◆ Collected data:

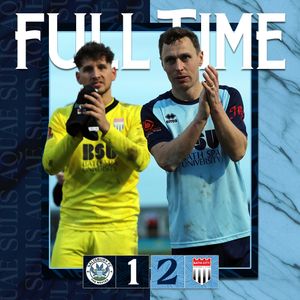 Image post by @bathcityfc on Instagram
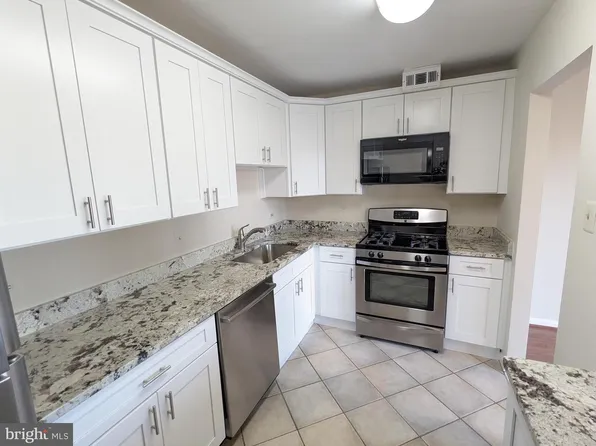 8315 N Brook Ln #2601, Bethesda, MD 20814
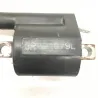 Bobine allumage MBK YP 125 2007-2009 SKYLINER Bobine allumage MBK YP 125 2007-2009 SKYLINER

◆ Problem to solve:
Write out the whole listing again, exactly, with no pictures.

◆ Solution to the exercise:
 Image post by @bathcityfc on Instagram
 8315 N Brook Ln #2601, Bethesda, MD 20814
 Bobine allumage MBK YP 125 2007-2009 SKYLINER Bobine allumage MBK YP 125 2007-2009 SKYLINER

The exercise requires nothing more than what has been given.